Through defendants' requested instruction No. 3, the court was requested to instruct the jury that "* * * as a matter of law the plaintiffs have failed to establish that any act or omission of Dr. Baker caused Mr. Hardy to develop cancer." Clearly this instruction calls upon the court to rule upon a matter where controverting evidence has been presented.

"Such an instruction invades the province of the jury since it is the only tribunal to pass on controverted facts in courts of law, and until the verdict is rendered no such fact is established or shown to exist." 53 Am.Jur., Trial § 605, p. 478.

Defendants' requested instruction No. 4 would have instructed the jury:

"Unless you find that Dr. Baker was guilty of malpractice in failing to have a biopsy made earlier, then you must return your verdict for the defendants."

This ignores the possibility that the cancer resulted as a proximate cause of his neglect in failing to warn Hardy to discontinue outdoor employment. This instruction also had the same fault of instruction No. 3, in that it invaded the province of the jury.

Finally, in considering the damages, if the case has been submitted to the jury on proper legal rulings and instructions, the verdict will not be deemed the result of passion and prejudice if within the range of credible evidence. State v. Gobin, 73 Wash.2d 206, 437 P.2d 389 (1968).

Evidence shows that the plaintiff was under Dr. Baker's medical care for a period of 14 months from July, 1964 until September, 1965. Since 1965 two operations had taken place, one a biopsy and then in September, 1965, an operation to remove the cancer. In October, 1966, another biopsy was performed. In November an operation to remove further cancer was undertaken. Dr. Nattinger testified that for a period of at least five years subsequent to the last operation the plaintiff will have to undergo further medical treatment, and, presumably for the rest of his life he will have to at least undergo annual checkups.

In addition to an indefinite future period that the plaintiff will be required to undergo medical treatment, the physical appearance of his lip has been greatly altered. The second operation removed the entire exposed margin of his lip, from one corner to the other, down to a depth of approximately one-eighth of an inch. The skin on the underside of his lip was then pulled up and curved over the raw surface to form a new or reconstructed lip for the plaintiff. The plaintiff testified that he had a general numbness in this new lip, that the lip was smaller and also tighter than before, and small lumps developed all the way across the lip.

This evidence coupled with other testimony, such as the pain and suffering endured by the plaintiff, and the requirement that he seek new employment that would not necessitate his being outdoors, tends to convince us that the jury verdict of $45,000 was not an excessive award. Where there is conflicting evidence as to the extent of the plaintiff's injuries, it is a question for the jury. It is not the function of the trial court nor the appellate court to determine the amount which would compensate the plaintiff. Keen v. Clarkson, 56 Ariz. 437, 108 P.2d 573 (1940). The award does not shock the conscience of this court.

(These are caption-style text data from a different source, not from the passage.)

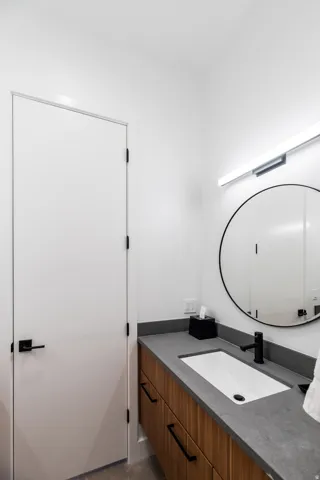 Contemporary bathroom featuring a floating wood-finish vanity with a dark countertop, an integrated rectangular sink, and a matte black faucet
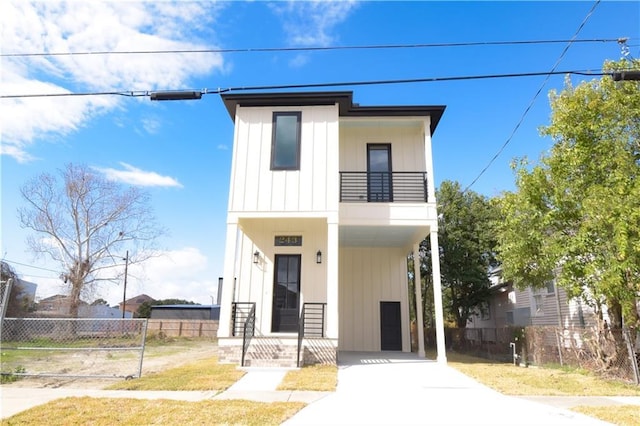 view of front of house with a balcony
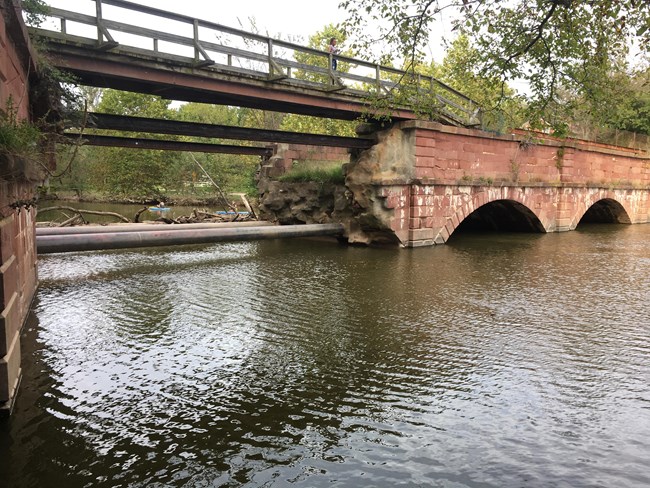 A red stone aqueduct spanning a creek with one failed arch and a bridge replacing it.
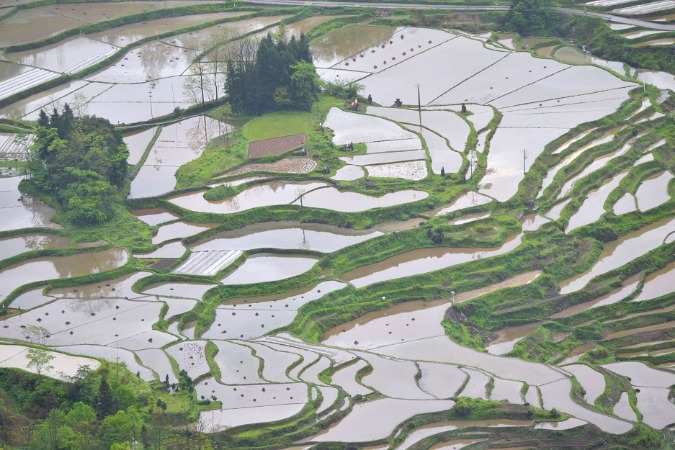 Ancient stockade village makes up pleasant scenes with terraced fields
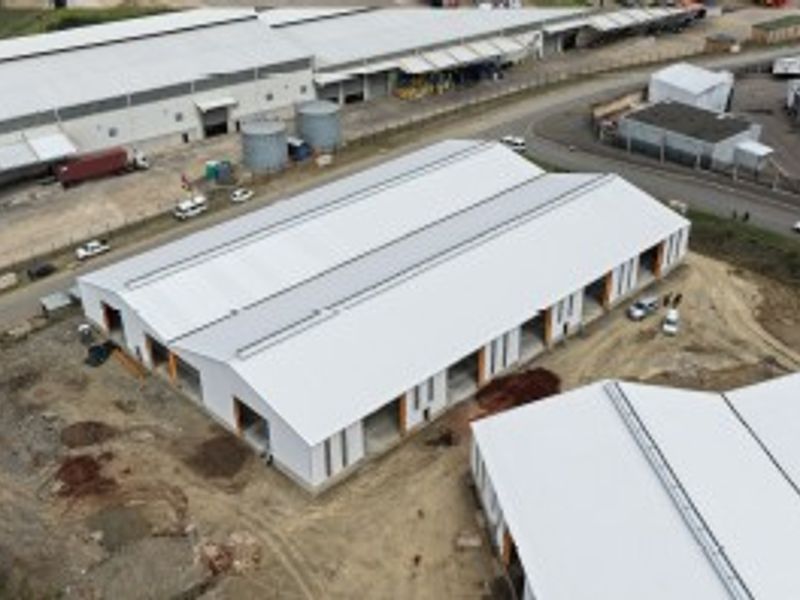 Aerial view of an industrial warehouse complex featuring a large metal roof, multiple roller shutter door openings, and surrounding unpaved yard space.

We believe that the trial court exceeded the bounds of judicial discretion in granting a new trial, Rogers v. Mountain States Telephone and Telegraph Co., 100 Ariz. *470 154, 412 P.2d 272 (1966), and therefore reverse with instructions to reinstate the judgment entered on February 19, 1968.

In view of our disposition of this matter, we do not find it necessary to consider the points raised by the appellee in his cross-appeal.

KRUCKER, C.J., and HOWARD, J., concur.

NOTES

[1] Udall, Arizona Evidence § 12, pp. 24-25, states:

"[W]here an objection is made and sustained, but the witness nevertheless answers, the answer may be considered as evidence and the ruling will not be reviewed unless counsel moves to strike the answer. If a party does not object to a question until the answer is given, he cannot complain of error, unless he also moves to strike the answer."